El sol muriendo sobre el mar, sobre el horizonte de un lago, detrás de las montañas, en la llanura sin fin, en el reflejo de los cristales de la casa de enfrente.

¡Cuántos atardecer sin horizontes, descubiertos en una clara del bosque, en un paseo que se abre a poniente en El Retiro!

Atardeceres lentos sobre el mar, en vacaciones, cuando el  día sólo es para irlo viviendo sin prisas, para disfrutarlo hora a hora, para elegir en cada una de ellas el lugar más hermoso o más agradable.

Otoño en los Alpes viendo ponerse el sol cada tarde, casi cada tarde, sobre el Lemán. Diez minutos más o menos para desde la altura de Caux, al otro lado justo de Ginebra, ver esa hermosa columna dorada caída sobre el lago: enorme, brillante, irisada. La columna de oro sobre el agua, el cielo y el lago confundiéndose en la bocana de la bahía que forman las orillas que se prolongan hacia arriba  en los Alpes de la Alta Saboya a la izquierda , y en las colinas que rodean Vevey y Lausana a la derecha.

La columna tendida, ese trazo de oro sobre el agua,  parece querer alcanzar el azul oscuro de la entrada del Ródano, pero se queda lejos por más que se alargue.

  Aquello, aquel paisaje, era La Mancha pero no lo era.

            Estaba oscureciendo. Me quedé asombrada. El paisaje, a lo lejos, era un paisaje de luz.

            Una bahía de luz brillante, dibujada sobre el horizonte, hecha de un rompimiento de nubes negras que al llegar a unirse con esa infinita llanura que ya no tenía luz, se convertía en una ribera de sombras como las montañas que rodean un lago.

            Íbamos hacia la noche. Un talud y otro, y otro más, nos dejaban en la oscuridad. Salir era estar fijos en la luz intensa y ligeramente rojiza que un sol ya puesto hacía llegar al cielo.

            Irreal aquel paisaje inexistente, hecho sólo de cielo, en el cielo, amenazando con desaparecer de un momento a otro; esperándonos - sin embargo - después de la oscuridad a la que nos obligaban los terraplenes, los cerrillos cercanos a la vía.

           Aquella luz, allí, recordando un lugar a orillas del mar, o junto a un lago.

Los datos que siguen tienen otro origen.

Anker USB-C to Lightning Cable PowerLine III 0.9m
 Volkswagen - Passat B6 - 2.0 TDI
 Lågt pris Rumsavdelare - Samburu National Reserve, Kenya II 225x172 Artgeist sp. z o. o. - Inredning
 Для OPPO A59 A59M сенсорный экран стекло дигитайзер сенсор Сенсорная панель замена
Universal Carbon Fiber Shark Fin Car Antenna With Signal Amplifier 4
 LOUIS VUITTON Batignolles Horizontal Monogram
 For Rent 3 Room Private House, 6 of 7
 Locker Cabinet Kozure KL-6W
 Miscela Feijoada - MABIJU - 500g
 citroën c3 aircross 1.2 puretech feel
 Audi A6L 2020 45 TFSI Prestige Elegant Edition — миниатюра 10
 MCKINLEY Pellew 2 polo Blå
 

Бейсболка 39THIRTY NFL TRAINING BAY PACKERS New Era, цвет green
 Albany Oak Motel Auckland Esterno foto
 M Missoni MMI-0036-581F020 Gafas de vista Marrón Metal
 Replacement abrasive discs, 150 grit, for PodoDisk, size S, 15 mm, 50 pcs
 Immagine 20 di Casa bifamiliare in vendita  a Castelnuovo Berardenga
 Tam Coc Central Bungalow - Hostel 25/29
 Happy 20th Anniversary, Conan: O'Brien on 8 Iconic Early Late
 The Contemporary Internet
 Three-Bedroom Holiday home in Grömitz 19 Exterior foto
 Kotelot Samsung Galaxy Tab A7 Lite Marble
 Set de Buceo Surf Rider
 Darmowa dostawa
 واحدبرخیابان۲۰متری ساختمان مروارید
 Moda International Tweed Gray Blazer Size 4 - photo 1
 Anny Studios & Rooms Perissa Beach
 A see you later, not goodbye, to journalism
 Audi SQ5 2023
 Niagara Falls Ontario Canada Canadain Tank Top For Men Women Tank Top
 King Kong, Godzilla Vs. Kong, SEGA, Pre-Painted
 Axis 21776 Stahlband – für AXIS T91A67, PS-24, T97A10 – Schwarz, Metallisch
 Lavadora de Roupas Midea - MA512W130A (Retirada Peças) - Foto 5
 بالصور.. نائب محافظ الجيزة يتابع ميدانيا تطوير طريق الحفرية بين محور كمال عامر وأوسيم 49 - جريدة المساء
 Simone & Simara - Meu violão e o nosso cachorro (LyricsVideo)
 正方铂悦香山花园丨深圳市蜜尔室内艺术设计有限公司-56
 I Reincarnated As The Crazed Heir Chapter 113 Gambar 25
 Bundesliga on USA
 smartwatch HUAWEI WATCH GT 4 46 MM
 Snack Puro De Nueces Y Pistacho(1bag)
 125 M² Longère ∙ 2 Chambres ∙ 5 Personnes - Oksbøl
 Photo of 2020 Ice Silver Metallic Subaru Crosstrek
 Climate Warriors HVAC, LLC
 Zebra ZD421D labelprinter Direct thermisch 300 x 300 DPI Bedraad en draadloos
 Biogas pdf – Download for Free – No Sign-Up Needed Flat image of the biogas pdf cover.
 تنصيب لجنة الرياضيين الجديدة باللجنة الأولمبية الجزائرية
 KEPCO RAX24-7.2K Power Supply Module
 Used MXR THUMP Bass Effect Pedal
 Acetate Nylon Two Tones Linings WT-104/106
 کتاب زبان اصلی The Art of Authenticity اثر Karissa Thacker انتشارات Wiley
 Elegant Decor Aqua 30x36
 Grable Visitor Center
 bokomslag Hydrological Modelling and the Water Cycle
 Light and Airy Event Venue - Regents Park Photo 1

          Recordando las puestas de sol, los minutos después de la puesta de sol, justo el tiempo en el que la luz, salida ya de ninguna parte, dejaba el agua de oro mientras las montañas eran sombras que la iban cercando, que acabarían dejándola en nada, apagada de pronto, extinguida como si no hubiera existido.

 

Torrelodones se anuncia siempre con olor a jaras. Torrelodones es ya la sierra, casi la sierra.

            Llegar, llegar empieza a ser una llamada que las jaras despiertan. Llegar en la noche a la pequeña estación, a la misma por la que tanto habíamos paseado siendo niños y más tarde adolescentes.

            La plaza abierta a la Sierra. La plaza helada cuando son cerca de las diez. Un cielo alto lleno de estrellas muy brillantes, de muchísimas estrellas anunciando una helada de enero o febrero. Un cielo borrado anunciando una mañana de escarcha. Un cielo blanco del que se desprende la nieve suavemente o del que llegan esos hielos minúsculos que la ventisca nos azota dejándonos ateridos.

            Un taxi. Cinco minutos para el reencuentro. Cinco minutos para atravesar el jardín en el que sólo quedan vivas las bolas de boj que marcan el paseo de la casa y la terraza.

            Huele a leña, a una chimenea encendida allí cerca. La ventana del salón no tiene cerrados los postigos. La ventana del salón me espera. Las prímulas del alféizar, llenas de flores todo el invierno, están a punto de tiritar. Necesitan que yo llegue para que el postigo las resguarde, para poder dormirse como cada noche protegidas del hielo, del viento, de la escarcha.